AR systems should take approaches that limit these risks. For example, individual applications will likely not need access to all sensor data. Perhaps an application only requires access to a portion of the screen when the user is in a certain location, or only needs to know about certain objects the system recognizes (for example, via the Kinect’s skeleton recognizer), rather than needing access to the entire raw camera feed. AR system designers must consider the appropriate granularity for these permissions, and the design of usable permission management interfaces will be important. Existing manifest or prompt-based solutions as used in smartphones are unlikely to scale in a usable way, and the long-term (rather than one-time) data access needs of AR applications make the application of in-context access control solutions like user-driven access control28 not straightforward.
Always-on cameras and other sensors will also create a privacy risk for bystanders, which Krevelen and Poelman identify as a challenge for widespread social acceptance of AR.36 Bystanders should be able to opt out of or be anonymized (for example, blurred) in the recordings of others; prior work has examined such issues.9,31 AR users may need methods to prove to skeptical bystanders that such safeguards are in place. Legislation or market forces may lead to cameras that respond to requests from other devices or the environment; news reports suggest that Apple has considered adding such a capability to the iPhone to prevent videotaping of live events, such as concerts.4 Cameras may also alert bystanders while recording, such as by flashing a light36 or by providing access to more complex policy information.19
The CVDazzle project10 pursues a different approach—using makeup to confuse face detection algorithms—that provides privacy without compliant cameras. The key limitation is that CVDazzle is painstakingly hand-tuned for one particular face detection algorithm. A research question is to find a general algorithm for synthesizing makeup that fools face detection.

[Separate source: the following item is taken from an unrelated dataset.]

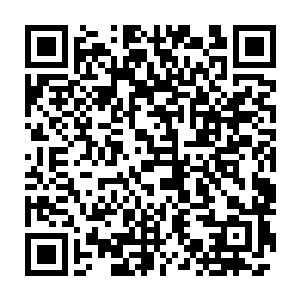 这家伙竟然在攻击完韩岛网络之后便用假身份订购了到华夏的机票二维码生成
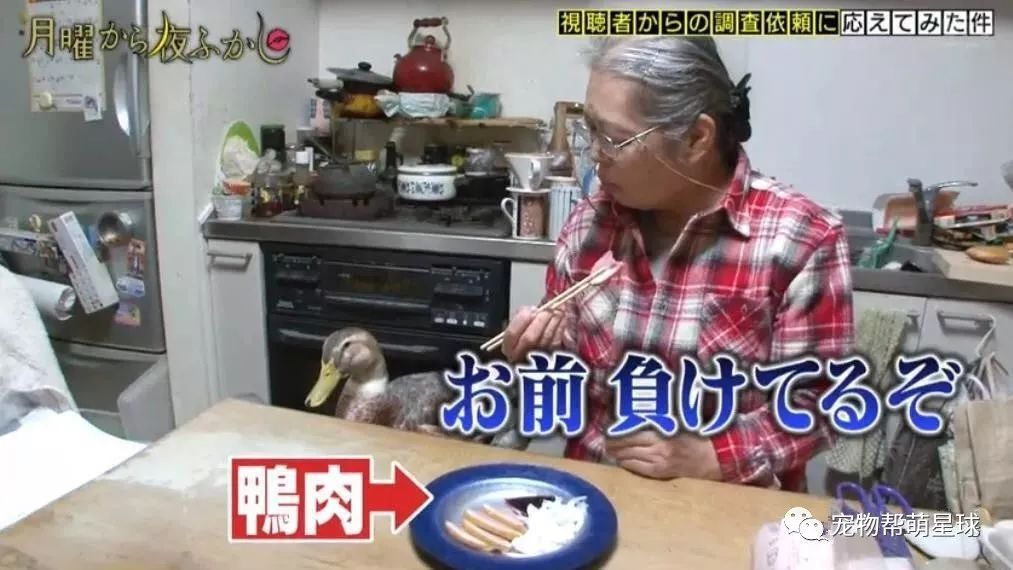 日本老奶奶在寵物鴨面前「手刃同類」，惹網友爆笑：鴨力好大啊！ 未分類 第8張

Challenges with multiple applications. Though AR applications are often conceived and prototyped in isolation, we can expect future AR platforms, like those built on Google Glass or the Microsoft Kinect, will support multiple applications running simultaneously, sharing input and output devices, and exposing data and APIs to each other (see Figure 3). Researchers must anticipate these developments and ensure an “operating system for augmented reality” is designed with appropriate considerations for security and privacy.
Output. In a multi-application AR system, applications will share output devices, including displays, audio output, and haptic feedback. Conflicts among multiple applications attempting to use these output devices can lead to security concerns. For example, a malicious application might try to obscure content presented by another application (for example, visually or aurally covering up a correct translation with an incorrect one).
Nevertheless, output sharing will be necessary to provide desirable functionality in AR systems. For example, a user may wish to simultaneously view content overlaid on their view of reality from multiple applications, such as directions supplied by a maps application, a social feed summarizing the activity of nearby friends, the track currently playing in a music application, and so on. Thus, the naive solution, in which only one application controls the display at a time (as in Android today, for instance), is insufficient.
Thus, future AR systems must handle conflicts between multiple applications attempting to produce output. For example, five applications may all want to annotate the same object (for example, with a translation subtitle), and the system will need to prioritize them. Furthermore, it may be important for users to know which content was generated by which application—for instance, whether an annotated product recommendation comes from a friend or an advertiser. AR system designers must create interfaces that make the origins of displayed content clear to or easily discoverable by users.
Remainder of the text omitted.